Last summer we moved to an old horse farm with a mature apple tree in the yard. I’ve almost always had apple trees next to my houses, but they’ve never produced apples I wanted to eat.
This year, this particular tree has. I just picked a huge, flawless apple off it, and ate the whole thing. It had snap, but a slightly floury texture that made me think they’re baking apples. They’re green with half a red flush right now. The flavor was slightly tart and slightly sweet. Nothing to knock your socks off, but if I’d bought them in a grocery store I’d be perfectly satisfied, and they were better than any apple I’ve ever been given in an institutional setting.
So now I want to pick them. Before the worms can get at them. My husband says they aren’t ready–leave them a week, better two. I say they’re good now and leaving them on the tree makes it likelier worms will get them. He, optimistically, expects them to improve.
Don’t pick them! Give them through the weekend at least, then slowly harvest as needed. You might lose a few to worms, but the improvement in flavor will be worth it. Then either process them of wrap in brown paper and barrel them.
Also - worms aren’t something that happen overnight. The worms will already be in there, or not. If any of them have a conspicuous ribbon-shaped corky scar on the skin, or odd bulges at the stalk or blossom end, that may be an indication of infestation by apple maggot or codling moth.

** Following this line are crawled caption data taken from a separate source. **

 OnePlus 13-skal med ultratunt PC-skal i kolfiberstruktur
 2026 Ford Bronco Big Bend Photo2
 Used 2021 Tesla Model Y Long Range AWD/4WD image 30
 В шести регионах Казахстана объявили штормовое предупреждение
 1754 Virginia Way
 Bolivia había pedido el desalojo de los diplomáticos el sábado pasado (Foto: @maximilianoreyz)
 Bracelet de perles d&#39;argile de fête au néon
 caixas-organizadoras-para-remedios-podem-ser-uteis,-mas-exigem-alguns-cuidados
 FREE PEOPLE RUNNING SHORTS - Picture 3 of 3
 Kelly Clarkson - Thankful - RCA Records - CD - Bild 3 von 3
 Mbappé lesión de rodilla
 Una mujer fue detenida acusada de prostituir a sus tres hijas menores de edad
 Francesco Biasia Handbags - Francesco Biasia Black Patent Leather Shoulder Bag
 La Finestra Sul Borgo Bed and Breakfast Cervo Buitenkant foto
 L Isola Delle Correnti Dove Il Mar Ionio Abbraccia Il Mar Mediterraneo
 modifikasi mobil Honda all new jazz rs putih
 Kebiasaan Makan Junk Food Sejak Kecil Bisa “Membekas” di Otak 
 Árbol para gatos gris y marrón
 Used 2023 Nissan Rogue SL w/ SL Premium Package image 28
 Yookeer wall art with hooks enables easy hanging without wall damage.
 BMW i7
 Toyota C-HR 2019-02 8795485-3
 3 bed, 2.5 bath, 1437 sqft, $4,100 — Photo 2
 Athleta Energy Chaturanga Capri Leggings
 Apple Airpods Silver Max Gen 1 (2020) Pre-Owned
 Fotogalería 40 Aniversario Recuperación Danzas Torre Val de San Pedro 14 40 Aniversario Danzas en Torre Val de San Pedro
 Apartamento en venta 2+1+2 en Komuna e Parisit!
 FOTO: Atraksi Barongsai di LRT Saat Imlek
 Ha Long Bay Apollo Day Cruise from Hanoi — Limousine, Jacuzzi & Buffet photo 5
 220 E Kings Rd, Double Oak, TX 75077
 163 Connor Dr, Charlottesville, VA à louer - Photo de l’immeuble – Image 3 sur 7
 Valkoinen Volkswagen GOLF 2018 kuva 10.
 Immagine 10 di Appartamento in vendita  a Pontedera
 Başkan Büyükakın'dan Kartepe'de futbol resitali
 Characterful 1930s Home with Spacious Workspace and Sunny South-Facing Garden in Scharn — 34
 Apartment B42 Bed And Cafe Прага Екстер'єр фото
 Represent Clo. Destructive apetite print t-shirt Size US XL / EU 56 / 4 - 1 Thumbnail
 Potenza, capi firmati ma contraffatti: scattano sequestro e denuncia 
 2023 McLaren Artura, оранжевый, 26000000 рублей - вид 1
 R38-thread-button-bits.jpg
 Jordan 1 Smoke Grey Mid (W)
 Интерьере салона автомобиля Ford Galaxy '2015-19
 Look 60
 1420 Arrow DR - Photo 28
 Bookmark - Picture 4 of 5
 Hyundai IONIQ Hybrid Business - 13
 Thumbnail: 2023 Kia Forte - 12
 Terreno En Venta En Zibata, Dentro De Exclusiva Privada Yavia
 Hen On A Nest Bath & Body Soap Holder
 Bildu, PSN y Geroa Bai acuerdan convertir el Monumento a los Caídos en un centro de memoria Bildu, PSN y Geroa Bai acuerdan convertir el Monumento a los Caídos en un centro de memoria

Cut 'em with a knife. Don’t just munch on them. Also. Grenades.
Here’s a recipe I’ve been using. It’s from the New England Yankee Cookbook, published in 1933.
Take a half-gallon of sweet cider and reduce it by half in a soup pot. Fill the pot with peeled, sliced apples, turn heat down to low, cook as long as you can stand it, stirring frequently.
Every single person who has tasted this says it’s the best applesauce they’ve ever tasted.
Also, my experience is that if your apple is mushy straight off the tree, that’s not going to magically change. Will probably get mushier. Pick em now.
I just picked an egg-basket full. How many is that? Half a bushel, maybe? I picked them, then I had regrets. By volume, that’s more applesauce than my family is used to eating in a year.
Didn’t stop me from putting them through the peeler/corer/slicer till my rotator cuff complained. They’re simmering in my big stock pot right now, with plenty of cinnamon. Will sweeten to taste after they’re cooked.
I wish we hadn’t given away our food dehydrator. I have the BEST recipe for dried-apple cake.
For one, if you have an oven you can still dehydrate them and two, you can always freeze slices for making applesauce or pies in the winter. I’m hopefully going to get overwhelmed w/ apples from my neighbor’s Ginger Gold tree very soon and I’ll be putting up most of them some way.
Your apple tree may alternate and not bear much next year. Do you recall if it bore much last year? Can you share a picture of an apple from your tree? If you’re in the South it sounds like you have a Lodi.
The larger ones had a distinct “Delicious”-type shape, with little feet on the bottoms. Some sources say that the green parts should turn yellowish if they’re ripe, but these are still green, green, green. The seeds are brown and there were a few unblemished windfalls, so I think it was time.
We are in the Puget Sound area, so not south at all.
We didn’t get any sound apples from it last year. Plenty of wormy windfalls. My husband has pruned it since then, though, and apples from the pruned parts are twice as big as the others.
Those are happy, beautiful apples! I can see the feet for sure. What color is the flesh? They remind me the most of Gala, which are a Delicious cross. Have a glance at the beauties on this list.
Flesh is pure white and oxidizes very quickly. There is a pronounced “floury” texture, though they aren’t mealy at all. The applesauce I made yesterday is fantastic–it has real heft to it, if that makes sense.
Gala apples are my go-to storebought variety. These have a very different texture.